The most important of these pragmatic ideologues is, of course, the Supreme Leader himself. Lest anyone confuse his support for the diplomatic effort of the past two years with a desire for détente with the US, in August Khamenei once again denounced American designs in the Middle East, which, according to him, consist of trying to break Syria and Iraq into smaller, more biddable blocks. He also warned that the US would use the nuclear deal as a way of inserting itself into Iran, and promised that the Islamic Republic would not permit America to exert “economic, political and cultural influence” in the country, or to have a “political presence” there—code for a functioning US embassy.
The irony of the recent diplomatic breakthrough is that with significant parts of Iran’s nuclear industry in mothballs for a decade at least, it is not through acquiring a bomb—or getting close to one—that the country will validate its claim to be the Middle East’s natural superpower. This will only happen if Iran exerts itself to become the region’s major producer and consumer, which is, after all, a not unrealistic goal. Ceramics and cement to Iraq; gas to Pakistan, Oman and Kuwait; cars to central Asia; tinned food to Afghanistan; oil and petrochemicals to all—one could easily mistake the export routes radiating outwards on the wall maps of Tehran’s companies for a rising sun.
Is Iran’s foreign policy establishment prepared to subordinate the pure priorities of the revolution, which have included threatening Israel with destruction, to the grubby matrix of the win-win?

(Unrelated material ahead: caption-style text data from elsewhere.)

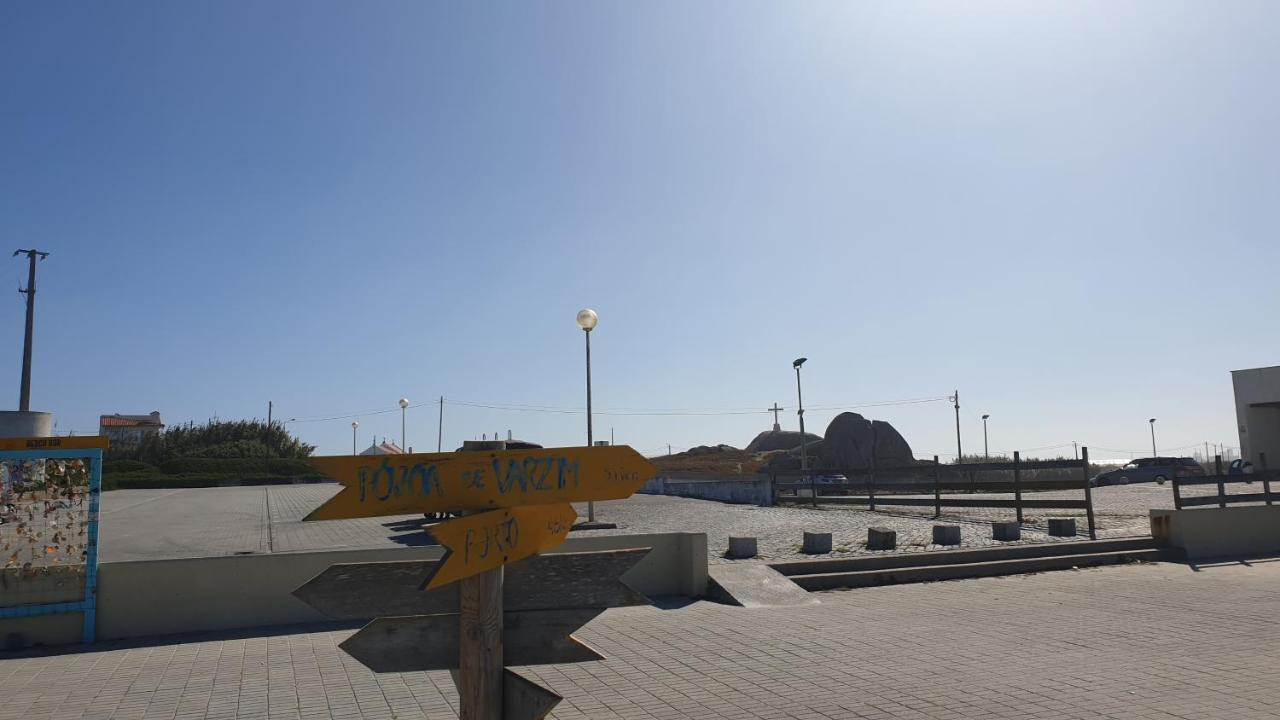 Hollidays Dreams Póvoa de Varzim Exterior foto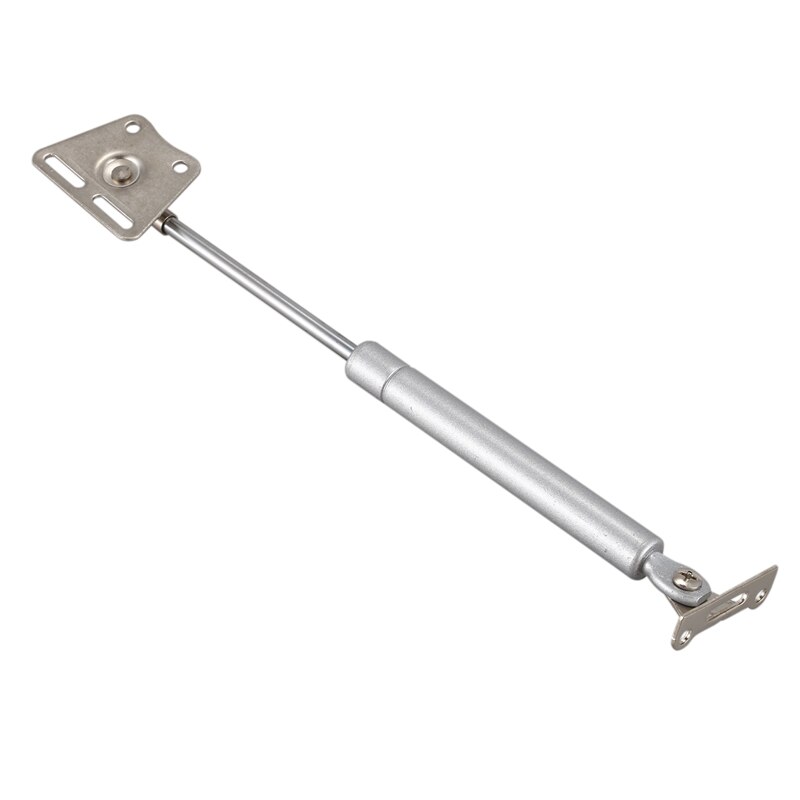 Cylinder compass spring swivel for flexible closet door open close 80N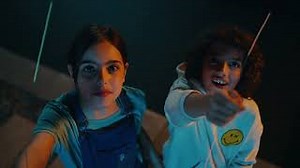 Vauxhall New Vauxhall Frontera – Ready For Your Daily Adventures​ advert UK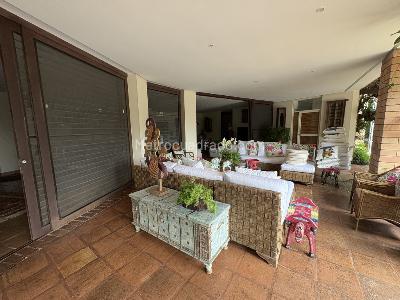 Casa de 5 alcobas en venta en El Saladito, Cali, 630 m² · foto 10 de 20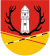 Herb gminy Rogów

Over the past two years of pressured diplomacy, Iran’s beleaguered foreign ministry has at least taken back some prestige from the Revolutionary Guard and other hardline organs of the deep state, and no amount of anti-American rhetoric from Khamenei can hide the fact that between his diplomats, and those of the US and Europe, there now exists more respect and cordiality than at any time since the revolution.
Iran’s opposition to Israel is unlikely to change soon, but it is possible to imagine it becoming less bellicose; likewise, belying its image of a sectarian troublemaker, Shia Iran has repeatedly offered to settle its differences with Sunni Saudi Arabia—offers that the US would do well to encourage its main Gulf ally to take up. There are signs, even, that the Revolutionary Guard is prepared to offload the strategic riches it picked up during the worst years of sanctions; in July, the Guard put its major asset, the nation’s $7.8bn telecommunications monopoly, up for sale.

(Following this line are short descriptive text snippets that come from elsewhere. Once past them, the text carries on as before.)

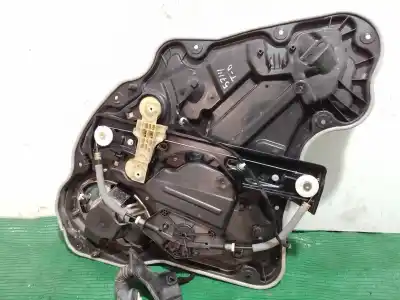 Second-hand car spare part rear right window regulator for jeep compass (mp, m6, mv, m7) 1.4 multiair oem iam references c47519104 c47519104 c47519104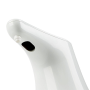 Non-contact disinfectant, soap or dishwashing dispenser.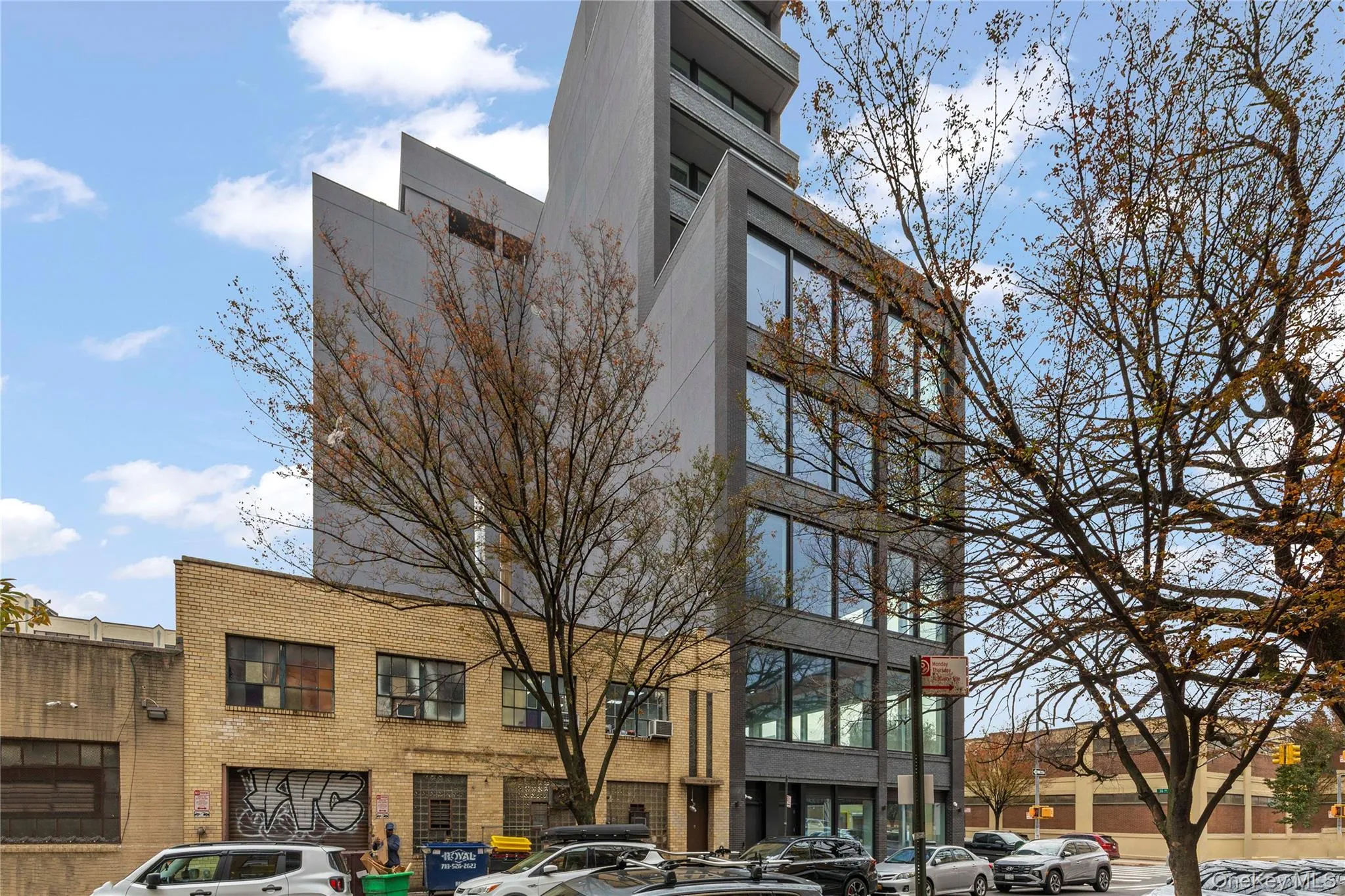 View of building exterior View of building exterior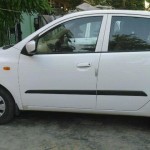 Pre owned Hundayi I10 magna car in Noida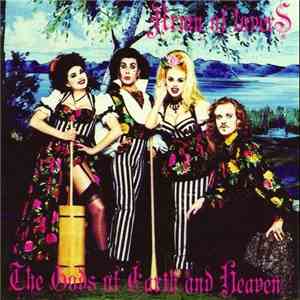Army Of Lovers - The Gods Of Earth And Heaven download flac mp3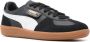 PUMA Palermo leather sneakers Black - Thumbnail 1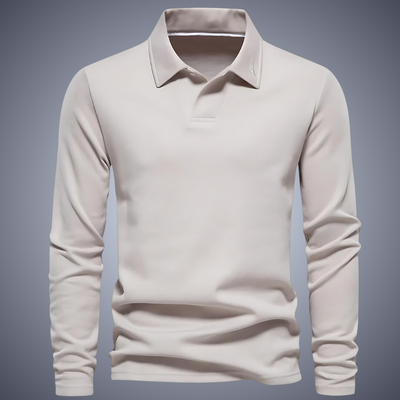 Noah | Lässiges Polo für Männer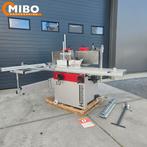 Combinatie machine *** Occasions *** Klein tot groot, Doe-het-zelf en Verbouw, Gereedschap | Zaagmachines, 70 mm of meer, Overige typen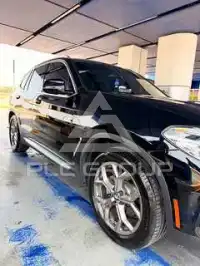 2020 BMW X3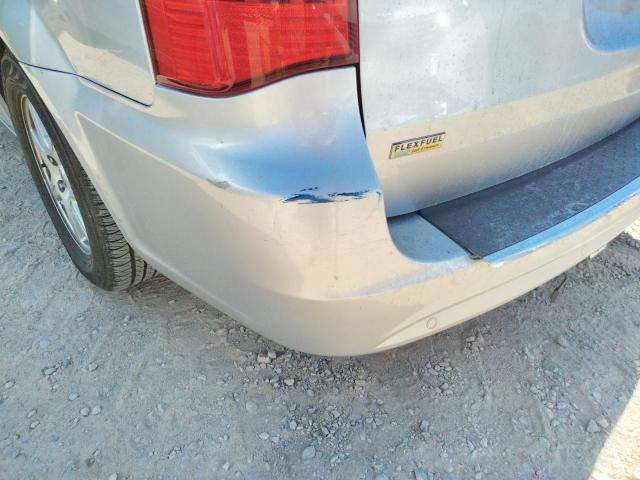 Photo 10 from auction – 2011 CHRYSLER TOWN & COU with VIN 2A4RR5DG0BR723156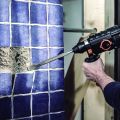 WORX WX337 750Watt 2.0J Profesyonel SDS-Plus Kırıcı/Delici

Looking at the growing number of foreigners who are coming to Tehran these days, it seems remarkable that as recently as 2013 travelling to the Islamic Republic was a vaguely hazardous enterprise, whether for a journalist, a businessperson, or anyone who wanted to know more about the country. Distrust of the west was enshrined in state policy and thanks to the belligerence of many of Iran’s leaders, and hawks in Israel and the US, war seemed more than likely. Now it looks as if there will be peace, and perhaps prosperity. There are worse ways to end a revolution.